I don’t talk much about my dark early days in technology, but lets just say that I know my way around a soldering iron and I remember a time when the only reason you needed heatsink compound was on a TO-3 style power transistor (and it was white and came pre-slathered over a piece of mica).

So anyway, hardware innards and I have a pretty good relationship. However, having established that, I’m still pretty intimidated with cracking open my MacBook Pro. I mean what right minded individual would relish the idea of spending a stressfull hour trying to remember where all the screws go (and whether you’ve reconnected all of those fiddly microscopic connectors, and the urine coloured celephane tape, my god the horror).

Still, this whole “I’m too hot, shutting down now!” thing was driving me batty. I’ve been hobbling along using Fan Control and turning off one CPU on tasks I knew would take it to the brink, but I finally had enough.

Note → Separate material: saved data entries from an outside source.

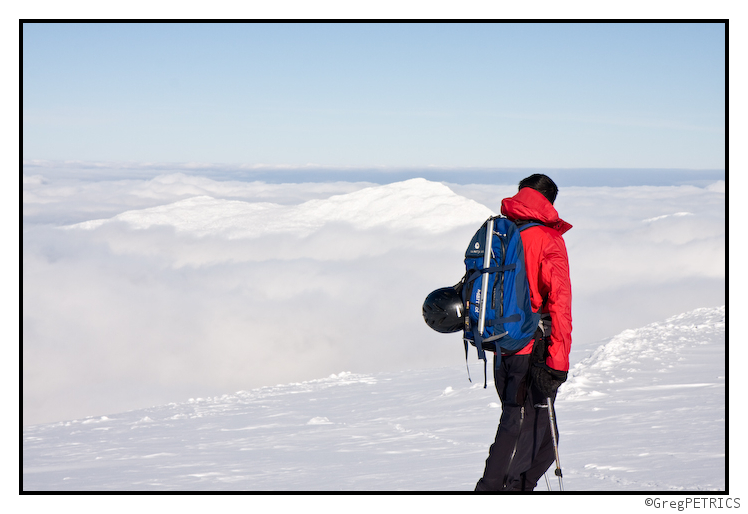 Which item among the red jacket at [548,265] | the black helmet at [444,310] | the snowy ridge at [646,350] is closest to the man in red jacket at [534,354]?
the red jacket at [548,265]

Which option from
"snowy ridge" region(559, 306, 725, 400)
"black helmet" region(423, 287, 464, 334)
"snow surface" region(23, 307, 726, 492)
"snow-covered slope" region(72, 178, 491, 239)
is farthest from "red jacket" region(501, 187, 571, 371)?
"snow-covered slope" region(72, 178, 491, 239)

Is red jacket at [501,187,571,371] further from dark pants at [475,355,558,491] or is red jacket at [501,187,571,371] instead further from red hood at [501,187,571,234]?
dark pants at [475,355,558,491]

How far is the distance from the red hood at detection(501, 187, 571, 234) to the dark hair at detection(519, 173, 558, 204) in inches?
1.3

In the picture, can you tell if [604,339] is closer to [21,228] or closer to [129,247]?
[21,228]

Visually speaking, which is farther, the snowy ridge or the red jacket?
the snowy ridge

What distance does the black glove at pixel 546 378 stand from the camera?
133 inches

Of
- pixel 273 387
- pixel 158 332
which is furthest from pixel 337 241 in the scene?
pixel 273 387

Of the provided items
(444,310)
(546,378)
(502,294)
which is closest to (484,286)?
(502,294)

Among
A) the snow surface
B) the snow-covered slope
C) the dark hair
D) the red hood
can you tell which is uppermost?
the snow-covered slope

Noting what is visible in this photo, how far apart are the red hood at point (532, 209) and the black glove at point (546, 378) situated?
757 mm

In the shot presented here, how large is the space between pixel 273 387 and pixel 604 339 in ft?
17.7

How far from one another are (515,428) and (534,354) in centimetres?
43

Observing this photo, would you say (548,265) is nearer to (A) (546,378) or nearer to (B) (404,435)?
(A) (546,378)

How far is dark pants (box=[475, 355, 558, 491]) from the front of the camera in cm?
351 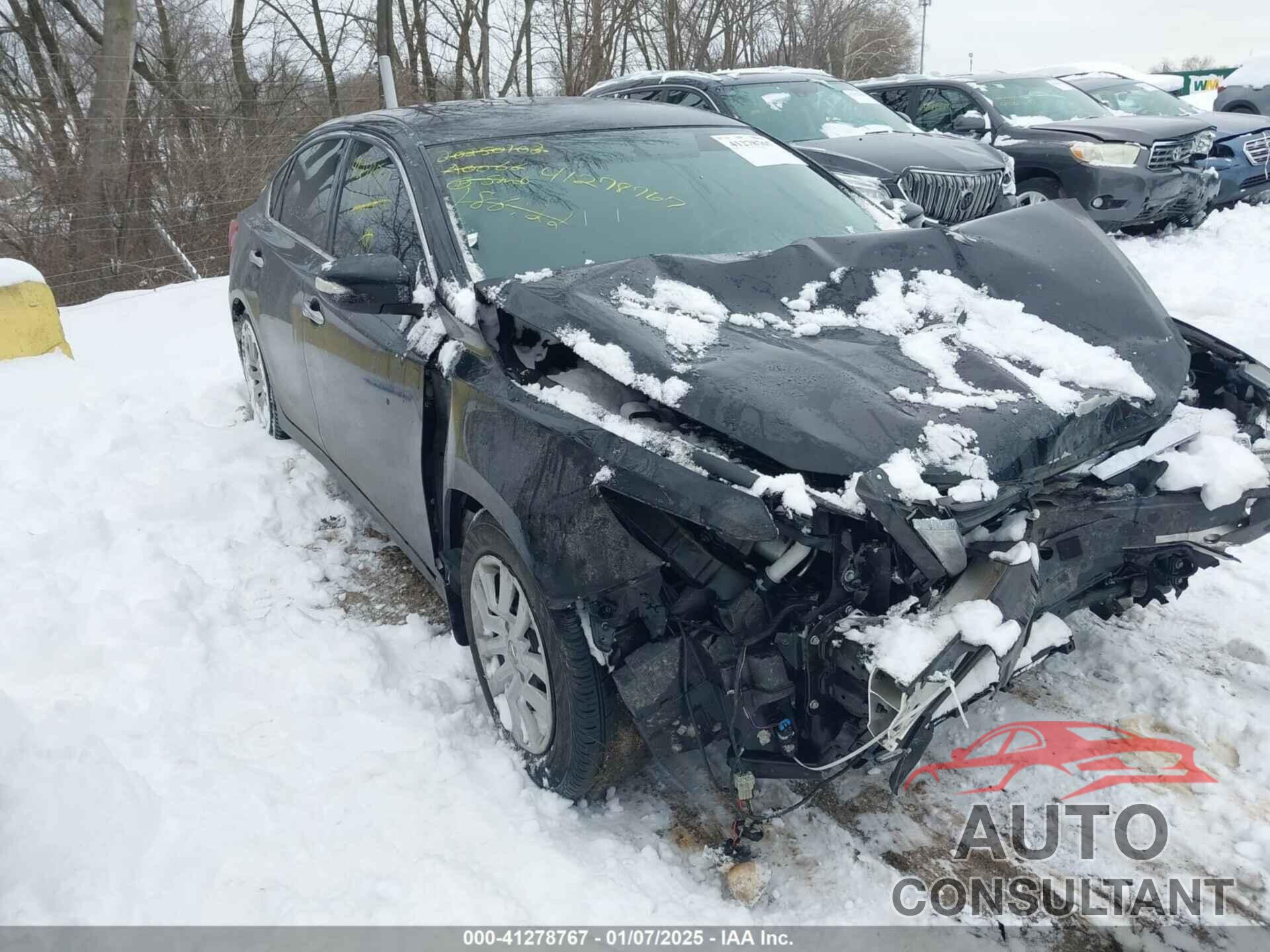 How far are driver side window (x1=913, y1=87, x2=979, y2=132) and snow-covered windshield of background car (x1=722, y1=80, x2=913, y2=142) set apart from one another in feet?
5.12

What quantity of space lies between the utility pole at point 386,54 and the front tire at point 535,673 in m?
8.76

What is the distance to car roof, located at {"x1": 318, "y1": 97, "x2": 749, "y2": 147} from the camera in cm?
353

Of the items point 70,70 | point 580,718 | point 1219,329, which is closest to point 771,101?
point 1219,329

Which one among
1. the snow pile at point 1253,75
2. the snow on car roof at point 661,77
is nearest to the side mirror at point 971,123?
the snow on car roof at point 661,77

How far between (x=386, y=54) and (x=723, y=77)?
6.43 m

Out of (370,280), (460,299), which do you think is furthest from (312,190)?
(460,299)

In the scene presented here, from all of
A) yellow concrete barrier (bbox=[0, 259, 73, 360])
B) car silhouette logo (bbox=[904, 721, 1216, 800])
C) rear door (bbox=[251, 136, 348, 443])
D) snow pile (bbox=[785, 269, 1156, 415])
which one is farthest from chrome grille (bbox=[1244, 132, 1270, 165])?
yellow concrete barrier (bbox=[0, 259, 73, 360])

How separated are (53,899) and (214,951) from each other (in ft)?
1.40

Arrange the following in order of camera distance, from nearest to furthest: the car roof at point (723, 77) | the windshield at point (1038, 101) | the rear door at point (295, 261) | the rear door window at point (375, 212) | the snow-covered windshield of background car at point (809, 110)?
the rear door window at point (375, 212) → the rear door at point (295, 261) → the snow-covered windshield of background car at point (809, 110) → the car roof at point (723, 77) → the windshield at point (1038, 101)

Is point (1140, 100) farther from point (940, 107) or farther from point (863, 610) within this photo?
point (863, 610)

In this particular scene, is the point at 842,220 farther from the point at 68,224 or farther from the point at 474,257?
the point at 68,224

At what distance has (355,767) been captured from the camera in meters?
2.79

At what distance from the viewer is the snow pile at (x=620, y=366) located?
89.0 inches

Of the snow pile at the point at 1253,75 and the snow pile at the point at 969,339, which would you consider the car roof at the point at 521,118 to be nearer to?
the snow pile at the point at 969,339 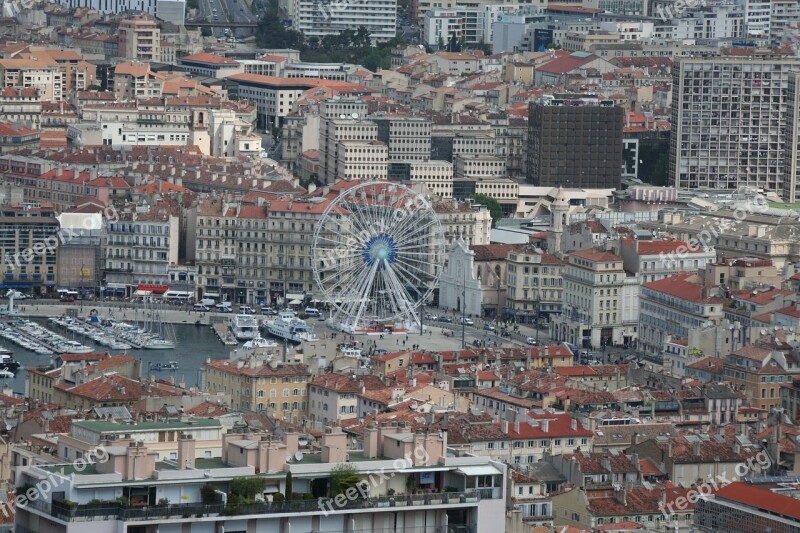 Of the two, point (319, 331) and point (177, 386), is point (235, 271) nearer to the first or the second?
point (319, 331)

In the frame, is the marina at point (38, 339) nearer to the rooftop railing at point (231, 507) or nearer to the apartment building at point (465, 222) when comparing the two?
the apartment building at point (465, 222)

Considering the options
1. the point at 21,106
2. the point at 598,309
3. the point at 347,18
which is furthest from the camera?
the point at 347,18

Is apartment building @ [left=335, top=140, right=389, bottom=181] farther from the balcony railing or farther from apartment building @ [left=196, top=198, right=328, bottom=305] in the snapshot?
the balcony railing

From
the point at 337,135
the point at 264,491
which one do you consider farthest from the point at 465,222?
the point at 264,491

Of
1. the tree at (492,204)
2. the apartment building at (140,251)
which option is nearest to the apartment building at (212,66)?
the tree at (492,204)

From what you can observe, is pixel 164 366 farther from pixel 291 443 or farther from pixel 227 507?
pixel 227 507

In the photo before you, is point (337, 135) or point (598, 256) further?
point (337, 135) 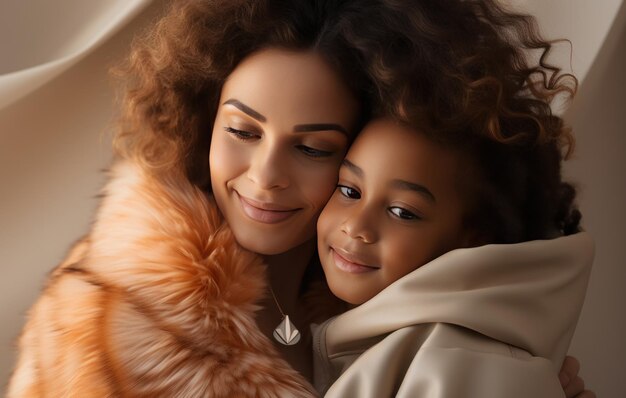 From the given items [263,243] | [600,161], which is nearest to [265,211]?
[263,243]

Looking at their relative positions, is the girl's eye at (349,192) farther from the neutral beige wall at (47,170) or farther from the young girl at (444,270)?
the neutral beige wall at (47,170)

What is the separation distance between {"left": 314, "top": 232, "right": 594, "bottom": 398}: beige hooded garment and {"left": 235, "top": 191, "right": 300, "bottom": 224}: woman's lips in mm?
183

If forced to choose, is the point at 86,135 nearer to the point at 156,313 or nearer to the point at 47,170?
the point at 47,170

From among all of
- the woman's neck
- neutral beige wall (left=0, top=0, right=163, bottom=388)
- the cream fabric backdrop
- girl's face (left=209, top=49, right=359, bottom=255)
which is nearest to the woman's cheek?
girl's face (left=209, top=49, right=359, bottom=255)

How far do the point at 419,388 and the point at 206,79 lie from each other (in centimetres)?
66

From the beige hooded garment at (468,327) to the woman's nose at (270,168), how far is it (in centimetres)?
23

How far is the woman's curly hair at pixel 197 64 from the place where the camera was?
1.41m

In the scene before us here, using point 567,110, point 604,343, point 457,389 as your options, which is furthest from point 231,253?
point 604,343

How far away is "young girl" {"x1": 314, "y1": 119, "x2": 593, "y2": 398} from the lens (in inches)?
47.4

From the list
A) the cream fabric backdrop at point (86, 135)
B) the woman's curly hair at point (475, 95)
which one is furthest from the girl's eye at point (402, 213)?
the cream fabric backdrop at point (86, 135)

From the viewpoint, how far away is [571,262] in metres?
1.38

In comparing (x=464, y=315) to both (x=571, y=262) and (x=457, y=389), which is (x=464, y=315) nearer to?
(x=457, y=389)

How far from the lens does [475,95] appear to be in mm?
1299

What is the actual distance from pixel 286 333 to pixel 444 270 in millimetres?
331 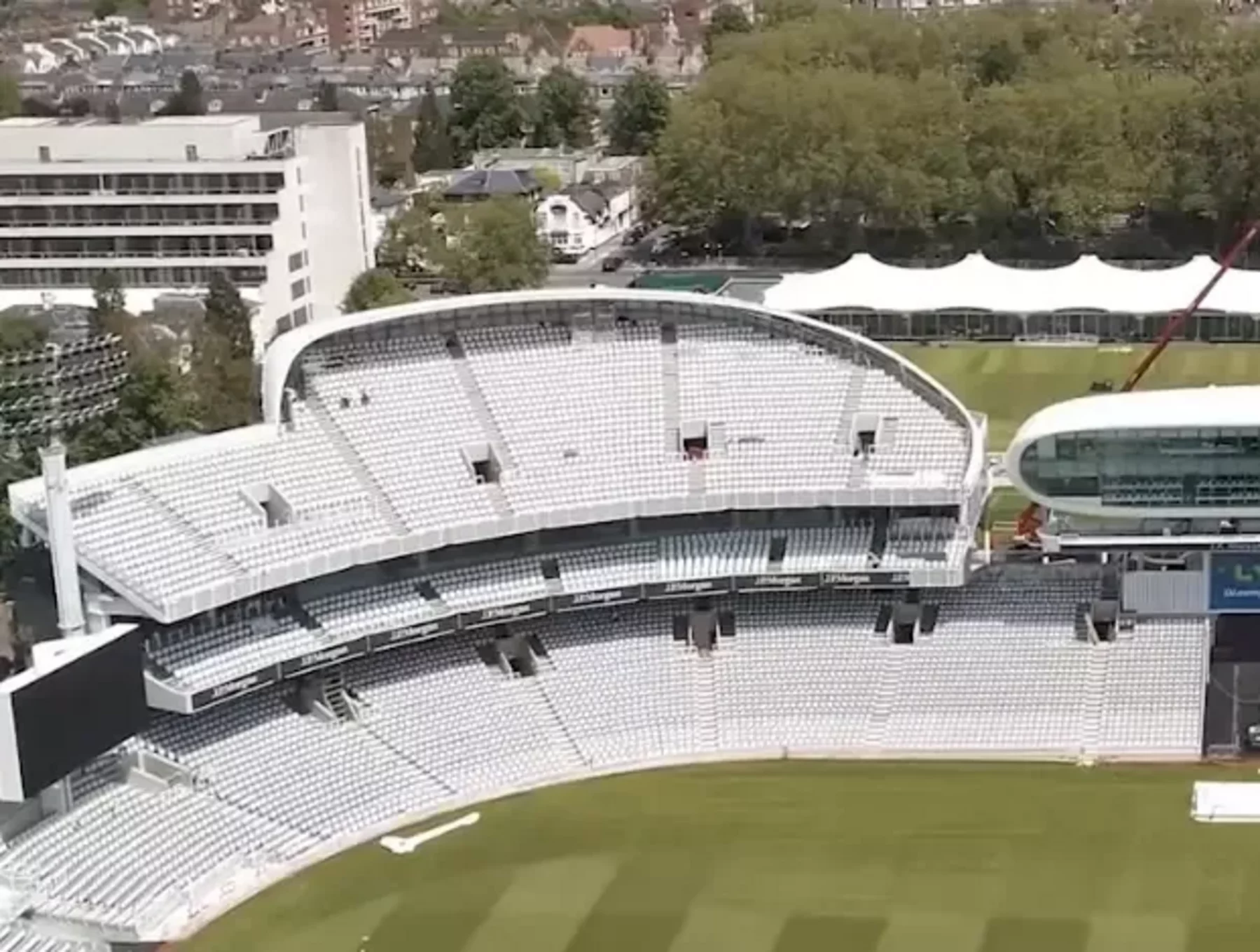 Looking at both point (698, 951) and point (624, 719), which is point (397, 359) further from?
point (698, 951)

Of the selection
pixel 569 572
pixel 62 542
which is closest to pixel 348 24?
pixel 569 572

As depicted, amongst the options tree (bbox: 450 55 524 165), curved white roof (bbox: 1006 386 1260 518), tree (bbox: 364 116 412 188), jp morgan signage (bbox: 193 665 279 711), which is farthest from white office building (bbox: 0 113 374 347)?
tree (bbox: 450 55 524 165)

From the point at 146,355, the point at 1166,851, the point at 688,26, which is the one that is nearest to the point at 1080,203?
the point at 146,355

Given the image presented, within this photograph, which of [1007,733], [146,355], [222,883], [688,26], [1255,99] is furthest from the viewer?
[688,26]

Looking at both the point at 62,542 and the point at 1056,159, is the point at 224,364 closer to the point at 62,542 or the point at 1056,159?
the point at 62,542

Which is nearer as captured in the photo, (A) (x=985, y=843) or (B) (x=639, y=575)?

Since the MacBook is my primary computer, I can’t afford send it away to Apple for a week when I can re-goop the cpu myself in an hour. So I pulled out the handy tube of Arctic Silver 5, grabbed a bottle of 99% Isopropyl alcohol, Q-tips, and my jewelers screwdrivers and went to work.

With the help of some decent instructions the dis- and re-assembly wasn’t too hard. And the difference has been pronounced. Just watching Fan Control is quite exciting. The CPU gets hot, the fans rev up, the cpu cools down.

I’m pleased. It’s a nice change from the CPU gets hot, the fans rev up, the CPU gets hotter, the book shuts down.